When his shoes needed polishing, the man who did the garden polished them for him. Edward Charles William called him ‘boy’ even though he had four children and nine grandchildren and had silver hair. His name was Joseph and he called Edward Charles William, ‘Master’. The language Edward Charles William spoke to Joseph was the English language but his tone was like a whole separate language. For a start (and I never knew where to start) I could hear that Edward Charles William’s tone was enjoying something too much. I could hear that Edward Charles William needed to be less happy. This thought made me laugh, and every time I laughed I felt a bit happier, which was confusing my new idea about happiness not always being a good thing but there was nothing I could do about it.

One Sunday, Joseph gave me half his pie with gravy and we sat on the grass in the shade because ‘Madam and Master’ always went for a drive on Sundays. That was the first time I noticed he had two fingers missing from his left hand. When I asked him what happened to his fingers, he said he caught them in a door. He taught me to count to two in Zulu. One was Ukunye, two was Isibili. Or something sing-song like that. The idea that there was a door somewhere in South Africa with Joseph’s two fingers stuck in it began to torment me. Later, when I told him that my father was a political prisoner, he told me that an Alsatian dog had bitten off his two fingers when the police raided his brother’s house in Jo’burg. They were looking for Nelson Mandela. When I told him my mother and father knew Winnie and Nelson Mandela (who was in prison FOR LIFE on Robben Island) he instructed me not to ever tell this to Madam and Master — or even Billy Boy. And any way, he said, mopping up his pie and gravy with his thumb and two remaining fingers, what was the point of keeping a bird if it didn’t lay eggs?

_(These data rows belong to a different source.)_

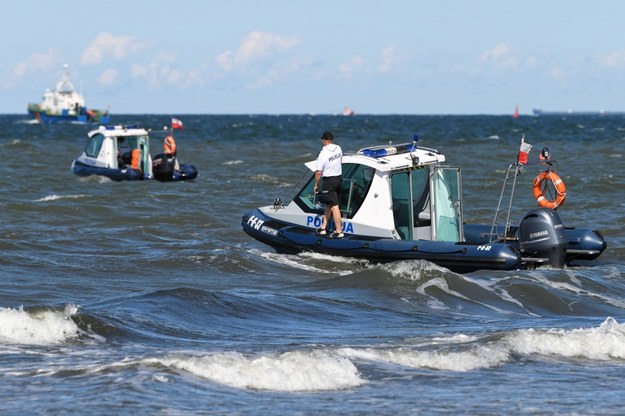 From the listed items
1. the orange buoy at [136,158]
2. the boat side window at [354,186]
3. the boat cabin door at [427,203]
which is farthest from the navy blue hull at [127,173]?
the boat cabin door at [427,203]

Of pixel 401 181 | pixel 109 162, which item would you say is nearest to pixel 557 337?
pixel 401 181

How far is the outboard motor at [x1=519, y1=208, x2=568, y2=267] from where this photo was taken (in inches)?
643

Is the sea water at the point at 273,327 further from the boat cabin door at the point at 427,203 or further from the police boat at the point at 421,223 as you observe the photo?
the boat cabin door at the point at 427,203

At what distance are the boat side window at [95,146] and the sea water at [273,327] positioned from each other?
8.83 meters

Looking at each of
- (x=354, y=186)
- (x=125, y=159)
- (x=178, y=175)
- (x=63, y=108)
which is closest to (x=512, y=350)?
(x=354, y=186)

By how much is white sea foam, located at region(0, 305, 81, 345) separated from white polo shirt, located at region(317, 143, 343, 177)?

Amaqanda. That was Zulu for eggs. If Madam’s blue bird laid a blue egg, that would be a little meal.

Every night a grey blanket was placed over Billy Boy’s cage. I knew my father slept with a grey blanket over him too because he had told my mother in a letter.

‘Come here my little chum, you’re freaking me out the way you’re always staring at Ma’s budgie.’ Melissa clasped her arms around my waist and lifted me off the carpet.

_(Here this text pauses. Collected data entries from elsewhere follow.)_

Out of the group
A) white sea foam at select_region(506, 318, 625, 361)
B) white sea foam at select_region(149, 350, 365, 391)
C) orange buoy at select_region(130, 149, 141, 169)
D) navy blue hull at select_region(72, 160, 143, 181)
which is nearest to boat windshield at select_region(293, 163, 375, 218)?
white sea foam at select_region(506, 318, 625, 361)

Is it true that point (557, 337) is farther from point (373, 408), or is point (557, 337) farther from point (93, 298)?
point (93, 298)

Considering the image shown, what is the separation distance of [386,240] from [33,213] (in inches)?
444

‘Now say after me, I CAN SPEAK LOUD.’

‘I can speak loud.’

‘SAY IT LOUDER.’

‘I can speak loud.’

‘THAT’S NOT LOUD. I’m not putting you down till you scream.’

I experimented with a tiny scream. It sounded quite real and she put me down.

‘Lisss-ten, when you smile I know you don’t mean it. Smile for me with all your teeth. Ah that’s lekker. Let’s take the spaceship into town.’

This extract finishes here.